A new approach to the study of effective string corrections in LGTs

TL;DR

This paper introduces a novel method to analyze effective string corrections in lattice gauge theories by examining flux modifications, enabling precise measurement of higher-order corrections and revealing discrepancies with existing universality claims.

Contribution

It presents a new flux-based approach in abelian LGTs that isolates higher-order string corrections, providing more accurate measurements and challenging previous universality results.

Findings

Quartic correction matches Nambu-Goto predictions

Sextic correction differs from universality expectations

Method achieves high precision with efficient computation

Abstract

We propose a new approach to the study of the interquark potential in Lattice Gauge Theories. Instead of looking at the expectation value of Polyakov loop correlators we study the modifications induced in the chromoelectric flux by the presence of the Polyakov loops. In abelian LGTs, thanks to duality, this study can be performed in a very efficient way, allowing to reach high precision at a reasonable CPU cost.
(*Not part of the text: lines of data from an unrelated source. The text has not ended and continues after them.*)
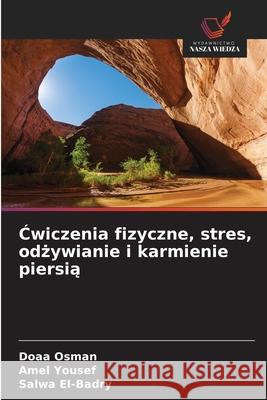 Cwiczenia fizyczne, stres, odzywianie i karmienie piersia Osman, Doaa, Yousef, Amel, El-Badry, Salwa 9786139642625 Wydawnictwo Nasza Wiedza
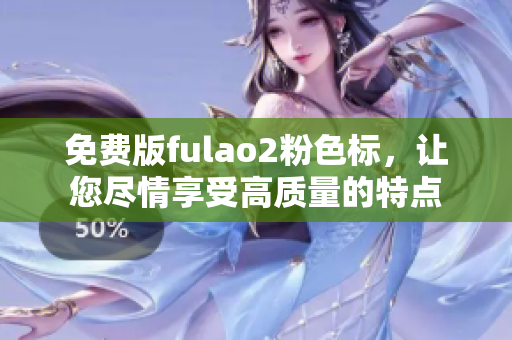 免費版fulao2粉色標，讓您盡情享受高質量的特點
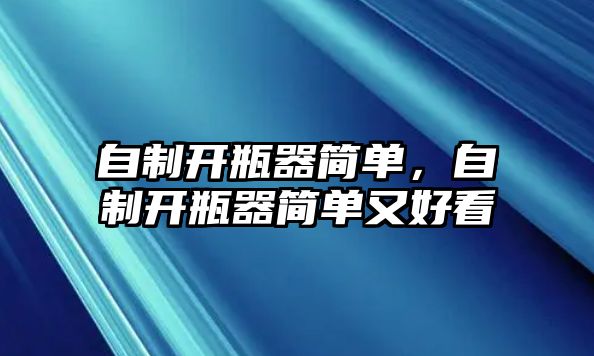 自制開瓶器簡單，自制開瓶器簡單又好看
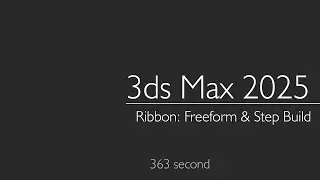 3ds Max 2025: Ribbon: Freeform & Step Build
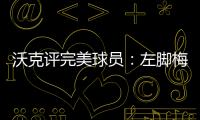 沃克评完美球员：左脚梅西
、右脚丁丁、头球哈兰德、速度姆巴佩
The major advantage of this strategy is that it allows to eliminate the dominant effective string correction to the interquark potential (the Luscher term) thus giving an unique opportunity to test higher order corrections. Performing a set of simulations in the 3d gauge Ising model we were thus able to precisely identify and measure both the quartic and the sextic effective string corrections to the interquark potential. While the quartic term perfectly agrees with the Nambu-Goto one the sextic term is definitely different. Our result seems to disagree with the recent proof of the universality of the sextic correction. We discuss a few possible explanations of this disagreement.